As useful as it is, the PMF concept has its weaknesses and pitfalls. Below I outline four of them and argue that in spite of these, if you are a first-time early-stage entrepreneur you should definitely not ignore it.

I think once you nail it, you are in a much much much better position to build a business around it.

1. It encourages to overbuild and overspend

The concept of PMF frequently goes hand in hand with the MVP artifact of the Lean methodology. In this combination, it encourages to focus on building something before you even start.

I call this the misunderstanding of the “P”. Instead of thinking of the P in MVP as Product, I encourage you to think of it as P from Prototype or P from Probe. A probe is the the word scientists use for their small scale experiments and refers to a truly small unit. Even P from Proof could do better than Product.

What this means is that you should not start with the set of features and functionalities. Remember the pyramid: start with the bottom. Start with the fundaments and then work your way up.

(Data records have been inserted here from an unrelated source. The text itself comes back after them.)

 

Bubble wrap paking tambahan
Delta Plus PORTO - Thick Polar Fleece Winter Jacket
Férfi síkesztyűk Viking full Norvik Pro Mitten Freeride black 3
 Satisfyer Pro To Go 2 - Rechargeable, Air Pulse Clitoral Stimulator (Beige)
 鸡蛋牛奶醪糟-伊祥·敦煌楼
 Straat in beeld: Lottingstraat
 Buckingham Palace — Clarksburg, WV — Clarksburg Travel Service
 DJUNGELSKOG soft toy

In practice, the opposite is true. The least first-time founders go out of the building early and often. The most spend quite a lot of time building before they share. I get it, the joy of building something from scratch out of the sheer power of your brain is exhilarating. But is is still not the right first step.

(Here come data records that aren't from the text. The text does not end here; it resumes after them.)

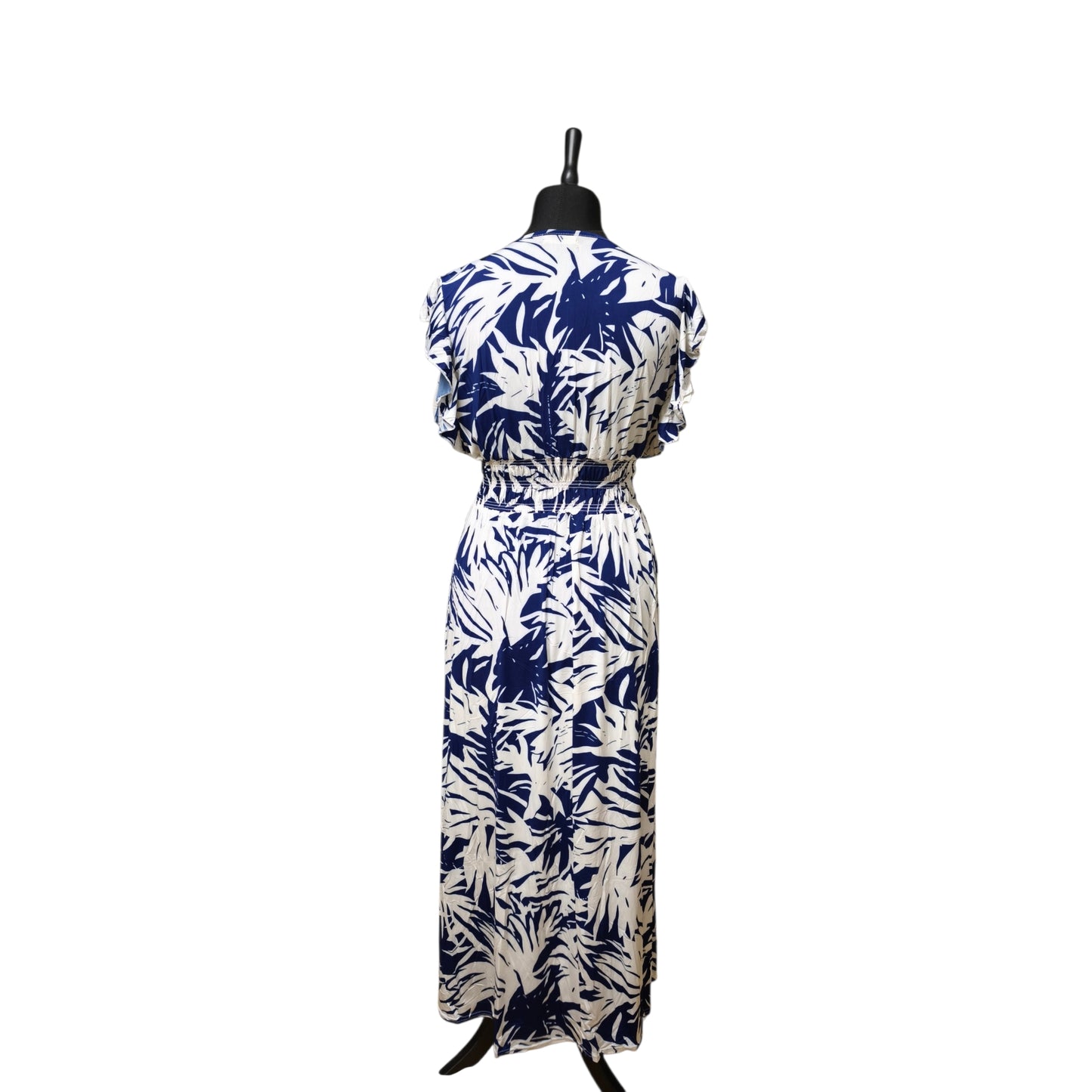 Eden (robe magique longue manche volant)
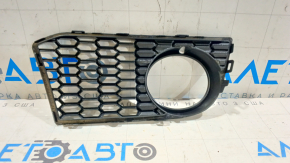Front Bumper Lower Grille Left BMW 5 F10 11-16 M Pack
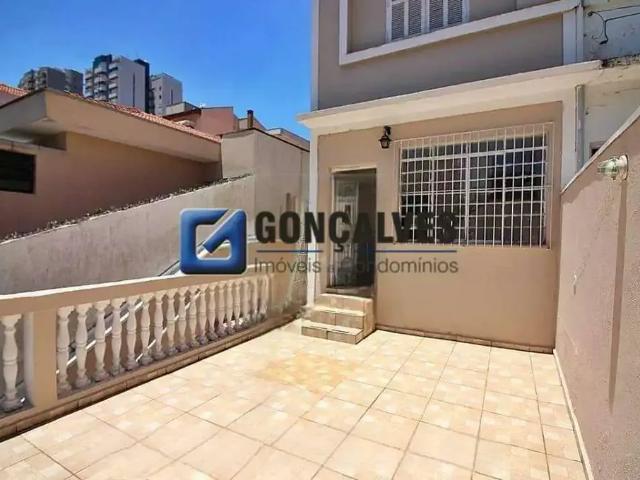 Casa / Sobrado para Locação em São Bernardo do Campo/SP Nova Petrópolis 2 Quartos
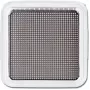 Wandbeleuchtung LED Busch-Jaeger 2CKA001510A0003 rechteckig grau/weiß für Innenbereich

You can address most critical hypothesis about your nascent business without building anything!

In fact, I challenge you: how far can you go with your business idea without building anything?

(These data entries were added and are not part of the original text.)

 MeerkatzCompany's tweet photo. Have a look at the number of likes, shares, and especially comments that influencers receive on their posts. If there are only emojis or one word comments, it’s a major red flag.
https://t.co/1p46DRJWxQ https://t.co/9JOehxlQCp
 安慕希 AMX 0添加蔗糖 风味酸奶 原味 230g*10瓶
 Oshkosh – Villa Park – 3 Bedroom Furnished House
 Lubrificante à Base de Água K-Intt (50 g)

2. It is insufficient to build a successful business

A focus on PMF might lead you to neglect other vital areas of your business. Worst case, you find yourself with PMF and still have no viable business.

How can this happen?

PMF is the start but by no means the end. You still need to acquire, retain and delight your customers while making some money. If you fail to do one of the above, no PMF will save your business.

Do not neglect distribution at the start. While experimenting, try out different acquisition channels, and sales motions. While you have none or little business, you should focus on nailing distribution.

3. It is hard to understand and hence provides little actionable guidance

Critics argue that PMF is a fuzzy and abstract concept that provides little actionable guidance for the entrepreneurs out there.

I believe this is a weak criticism. Part 3 of this series introduces qualitative and quantitative indicators to measure it. Part 2 of this series provides a method to engine your ways to it.

I argue the opposite. It is a very actionable concept that provides useful guidance. Specially at the beginning of your entrepreneurial journey.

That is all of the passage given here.